90 lines (67 loc) · 2.72 KB

Demonstration

Import Data

Create Project > Web Addresses (URLs) > https://raw.githubusercontent.com/colinrobinsonuib/openrefine-workshop/refs/heads/main/data/bicycle-collection.tsv
Columns are seperated by tabs (TSV)
Uncheck - "Quotation marks are used to enclose" (bottom)
Project Name to "bicycle categories"

Navigating the "Project"

Notice there are 72 rows
Notice there are two views: rows and records
The "records" view is for advanced manipulation
Description > View > Collapse
Marks > View > Collapse
You can
- "Show" 5-50 rows at a time
- Navigate screens "< Previous" & "next >"

Facets

Categories > Facet > Text facet

Notice mashup of "pipe delimited" text facets
Switch between the "name" and "count" sorting options.

Rows vs.
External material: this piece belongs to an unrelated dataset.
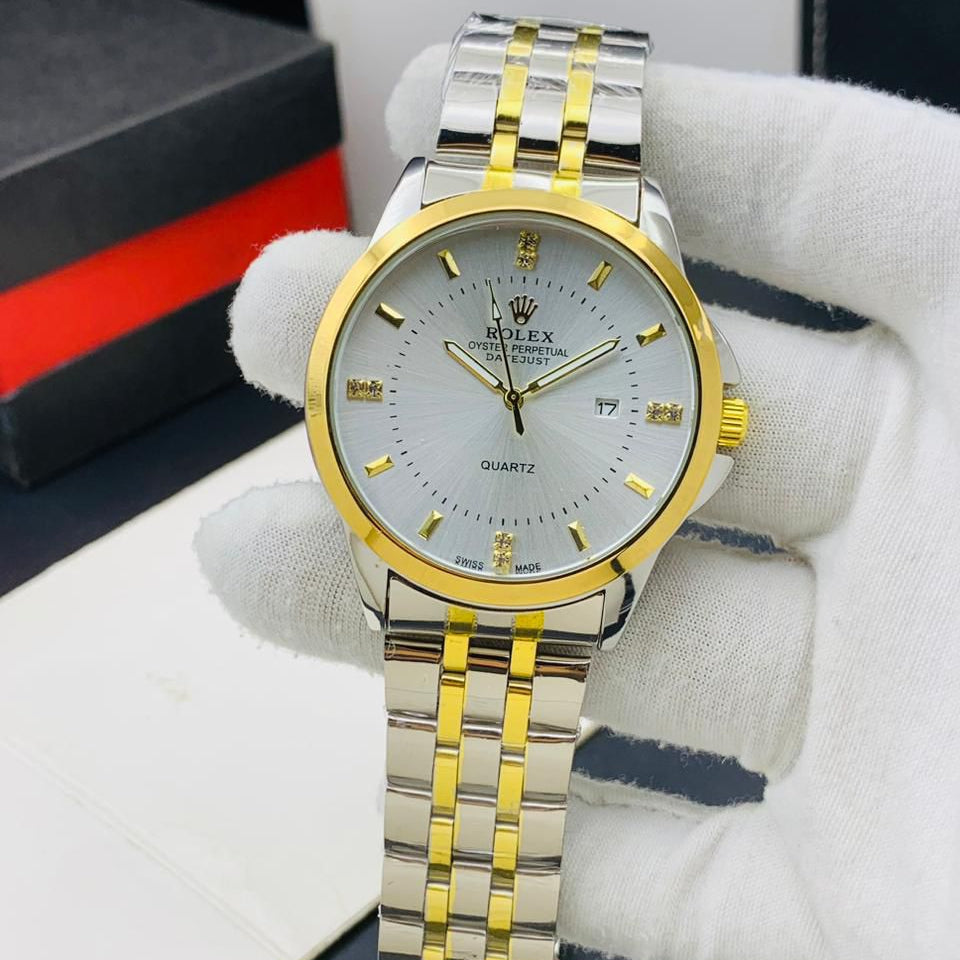 Rolex watch with gold and silver band held by a gloved hand, with a blurred background.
Records

Categories > edit cells > split multi-valued cells > separator = |

Now how many cateogry choices exist?
Now how many rows exist?
Click records to switch to the records view
Click count What is the most popular Category term?
Click name Limit to the "Juvenilia" facet; How many matching records?

Web Scrape & API

new_link > Edit column > Add column by fetching URLs
New column name = Web Data
- Notice Throttle delay
- 2000 milliseconds is good. Less than 2 seconds and you MIGHT get booted, blocked, cast out!
Click OK and wait
When done, you’ve got all the source data for each page associated with the link in the "Persistent Link" column

Parsing Data

Typically, after fetching data, you’ll need to parse it.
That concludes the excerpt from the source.